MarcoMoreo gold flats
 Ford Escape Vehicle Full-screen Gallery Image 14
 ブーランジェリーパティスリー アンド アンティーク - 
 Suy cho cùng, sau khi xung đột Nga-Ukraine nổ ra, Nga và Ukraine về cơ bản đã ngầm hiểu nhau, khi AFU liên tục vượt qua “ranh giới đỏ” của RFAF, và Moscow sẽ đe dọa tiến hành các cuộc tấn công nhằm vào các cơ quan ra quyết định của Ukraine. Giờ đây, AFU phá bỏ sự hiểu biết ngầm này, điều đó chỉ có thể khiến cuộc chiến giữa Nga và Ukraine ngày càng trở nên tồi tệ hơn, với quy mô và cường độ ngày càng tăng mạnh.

#### Problem
Print the data above exactly as it was provided.

#### Answer to this problem
MarcoMoreo gold flats
 Ford Escape Vehicle Full-screen Gallery Image 14
 ブーランジェリーパティスリー アンド アンティーク - 
 Suy cho cùng, sau khi xung đột Nga-Ukraine nổ ra, Nga và Ukraine về cơ bản đã ngầm hiểu nhau, khi AFU liên tục vượt qua “ranh giới đỏ” của RFAF, và Moscow sẽ đe dọa tiến hành các cuộc tấn công nhằm vào các cơ quan ra quyết định của Ukraine. Giờ đây, AFU phá bỏ sự hiểu biết ngầm này, điều đó chỉ có thể khiến cuộc chiến giữa Nga và Ukraine ngày càng trở nên tồi tệ hơn, với quy mô và cường độ ngày càng tăng mạnh.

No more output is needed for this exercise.